There might be certain ways to make this part smarter, but in the meanwhile, if this is a possibility (that certainly should not be the case), to:

  • Configure topology.state.cluster.enabled=true, so the state is directly fetched from the cluster directly.

Let me know if this does not work for you.

-- Pere

@purbon, thank you so much for your reply.

By configuring topology.state.cluster.enabled=true I managed to redeploy a connector which was previously deleted by the REST API or the Control Center.

Deleting the file .cluster-state also worked.

However, the must important thing here was understanding how JulieOps works under the hood.

Thanks.

Hi @vascoferraz

By configuring topology.state.cluster.enabled=true I managed to redeploy a connector which was previously deleted by the REST API or the Control Center.

Happy this solved your situation for you, the main reason is that state was recovered directly from the target cluster.

Now looking at the future,
if you had a dream, how would you imagine JulieOps as best handling this internal situation?

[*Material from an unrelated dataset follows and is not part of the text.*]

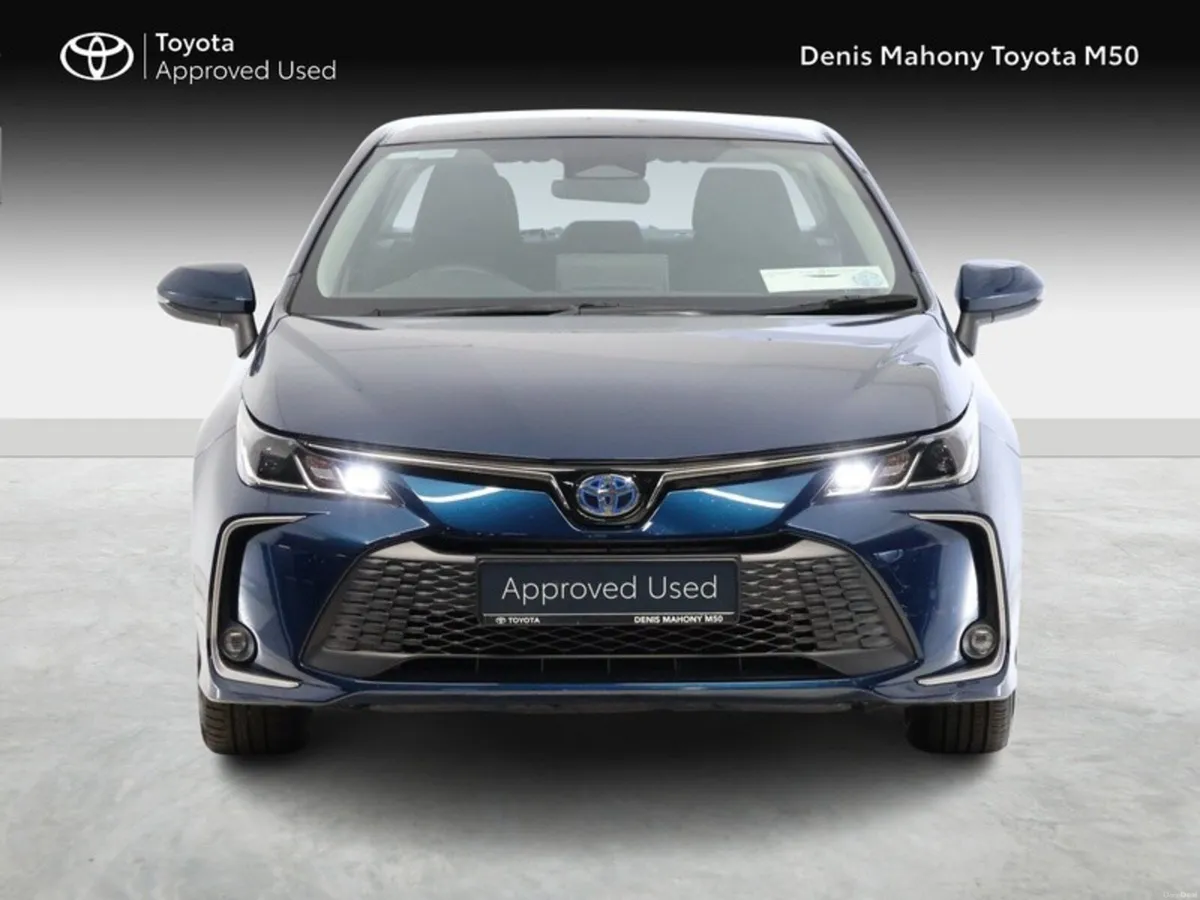 Toyota Corolla Luna Hybrid Saloon - Image 5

Would a WARN or Exception kind of error be good? then you fix it manually? or refresh the internal state?

What do you think?

@purbon , I would say that a at least warning would be great and referring the property topology.state.cluster.enabled and how it could help understand what is going on so it would be easier to fix it manually.

Refreshing the internal state might be a "knife with two blades".

So, maybe a good approach is to inform the user: "The internal state of JulieOps does not match the current server settings" and then list those differences.

I would probably start by questioning the local cluster state file. We should assume connectors can and will be removed by other tools, and connectors do keep state in kafka, so the default should be going to the cluster for the information. We should also assume we will often run julieops from a container, which means this local file will get deleted anyways.

I imagine keeping a local state speeds things up with julieops somehow? - I think we should offer the option to use a local state - with the warnings you should not manage connectors outside of julieops if you do so. Checking the cluster should be the default instead.

Alternatively (or in addition), maybe you could have a fallback mechanism - if the state doesn't match, then fetch from the cluster and update your local cache.

With the addition of #478 this issue would be somehow now under more control. I'm closing this issue for now, feel free to reopen if necessary.

Thanks a lot everyone for your comments and contributions here! This feature will be included in upcoming versions.